### Given records
__________________________________________________

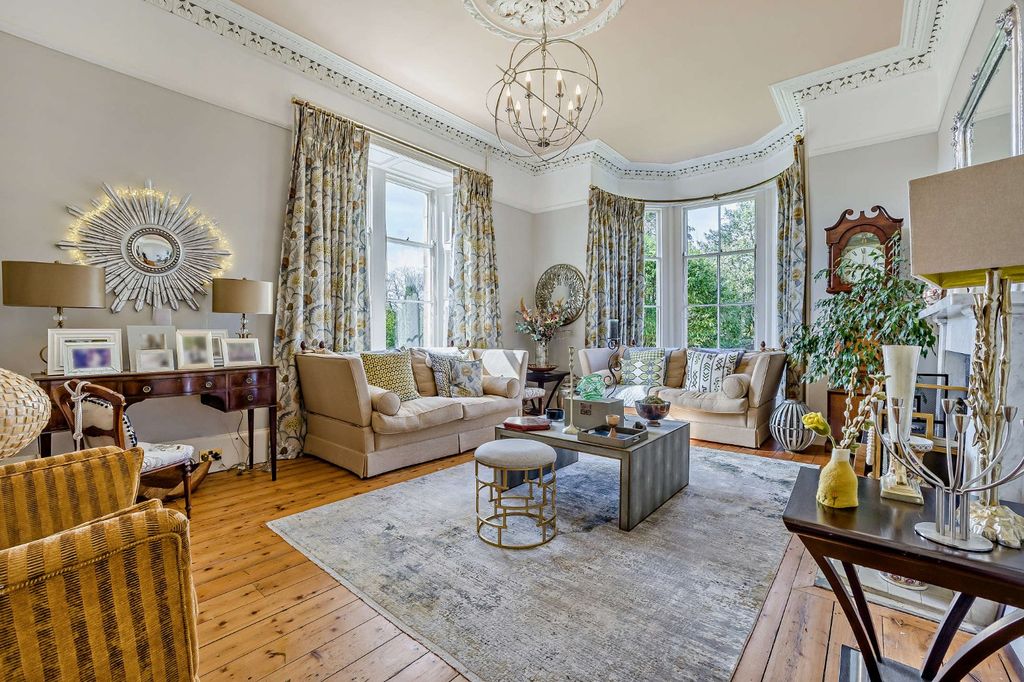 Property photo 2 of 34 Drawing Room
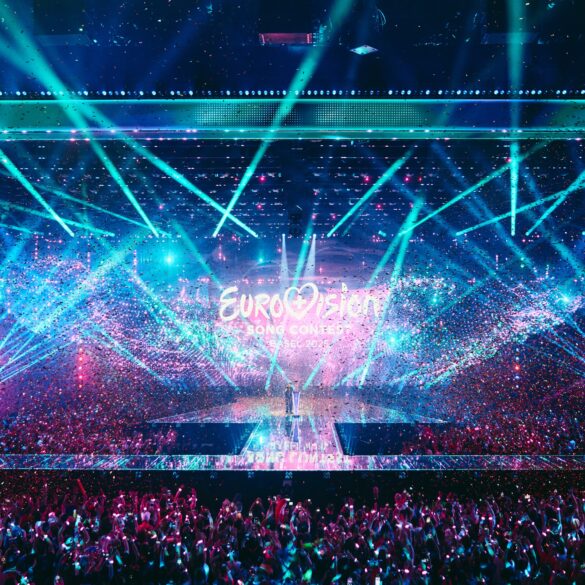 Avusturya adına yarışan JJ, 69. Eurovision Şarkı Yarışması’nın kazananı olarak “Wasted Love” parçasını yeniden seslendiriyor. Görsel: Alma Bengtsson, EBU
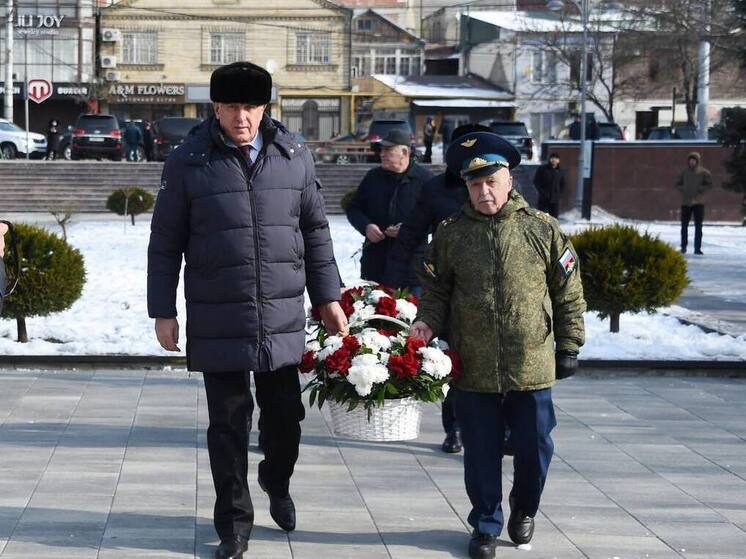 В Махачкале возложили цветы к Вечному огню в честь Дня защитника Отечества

__________________________________________________

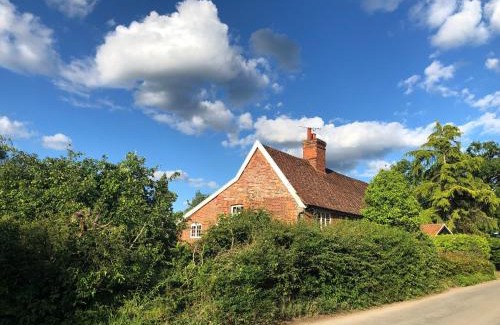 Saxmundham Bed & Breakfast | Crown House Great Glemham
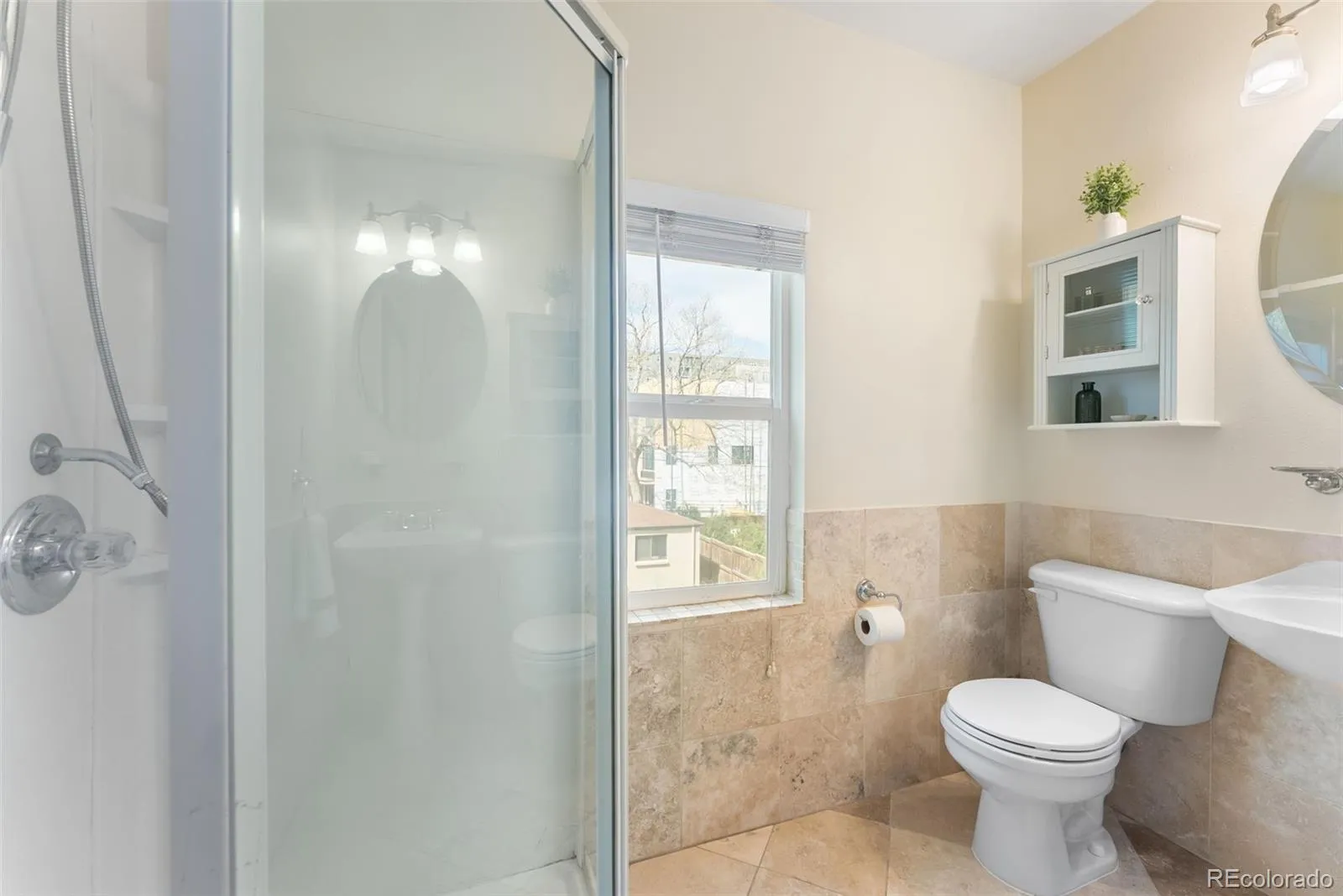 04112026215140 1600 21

__________________________________________________

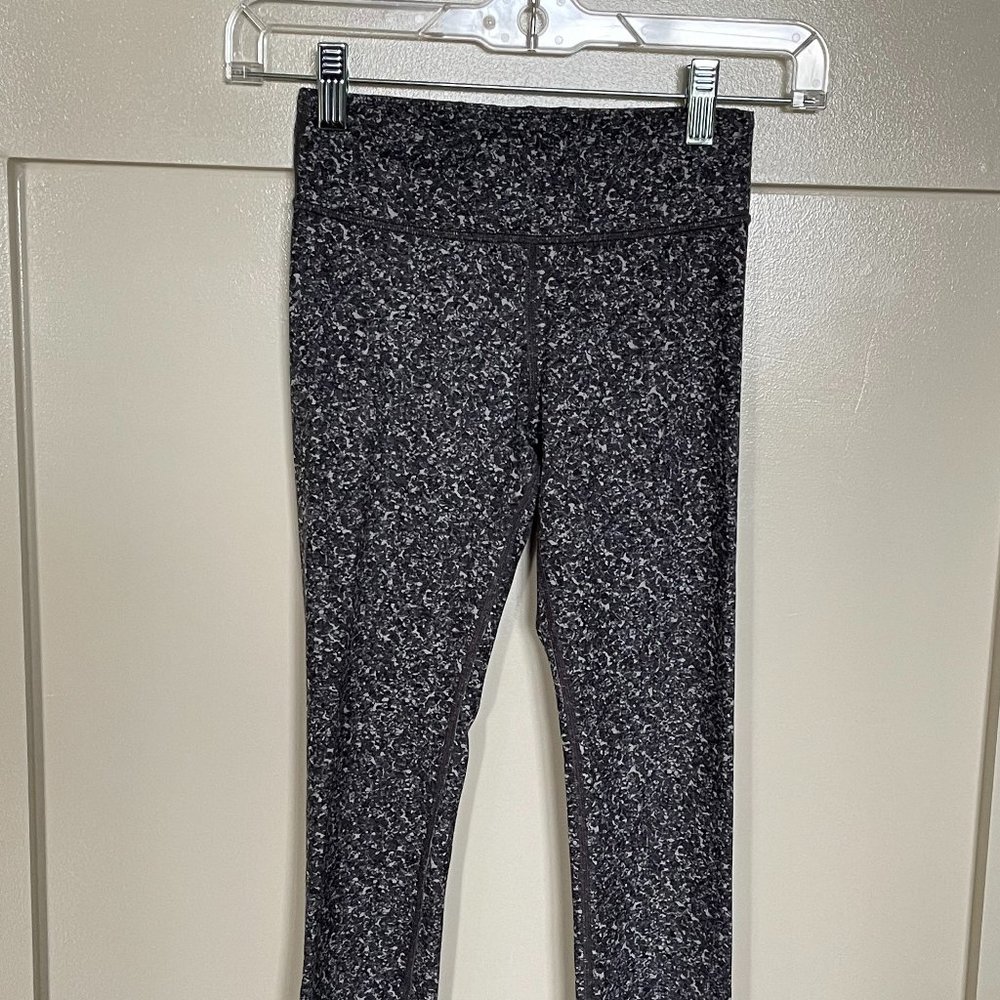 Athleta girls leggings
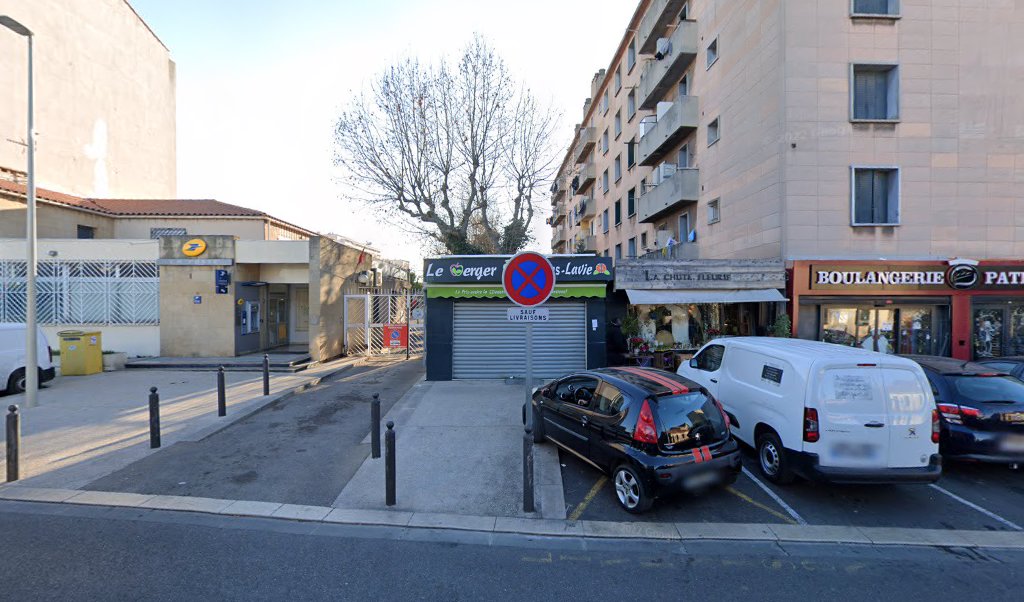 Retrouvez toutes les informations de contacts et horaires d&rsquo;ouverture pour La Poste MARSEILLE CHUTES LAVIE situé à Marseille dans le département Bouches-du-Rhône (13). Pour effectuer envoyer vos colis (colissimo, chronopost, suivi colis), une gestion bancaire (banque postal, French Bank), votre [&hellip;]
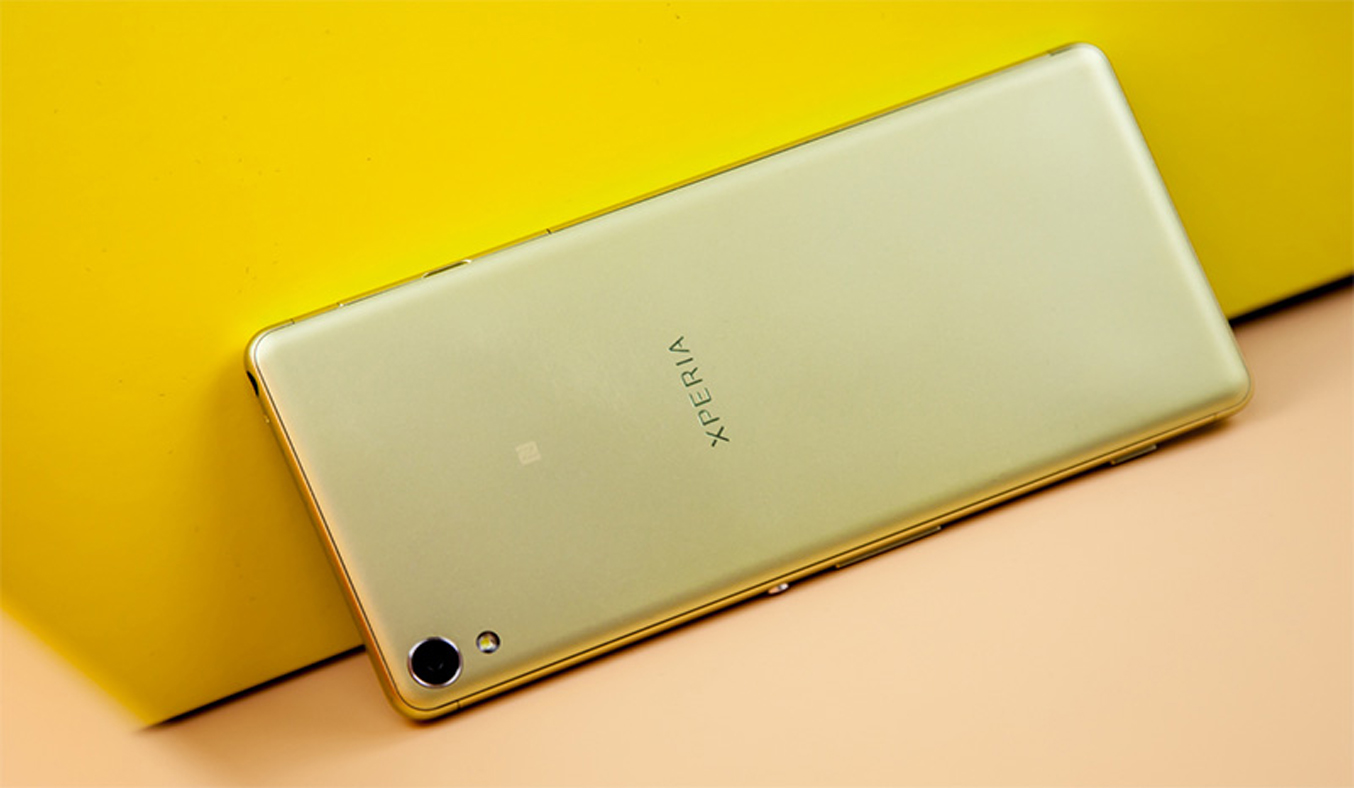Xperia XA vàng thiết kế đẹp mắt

__________________________________________________

### What is expected
Reproduce the lines above starting at the one with "Retrouvez toutes les" and ending at the one with "Xperia XA vàng thiết kế đẹp mắt", both included, exactly and with no pictures.

### Response
 Retrouvez toutes les informations de contacts et horaires d&rsquo;ouverture pour La Poste MARSEILLE CHUTES LAVIE situé à Marseille dans le département Bouches-du-Rhône (13). Pour effectuer envoyer vos colis (colissimo, chronopost, suivi colis), une gestion bancaire (banque postal, French Bank), votre [&hellip;]
Xperia XA vàng thiết kế đẹp mắt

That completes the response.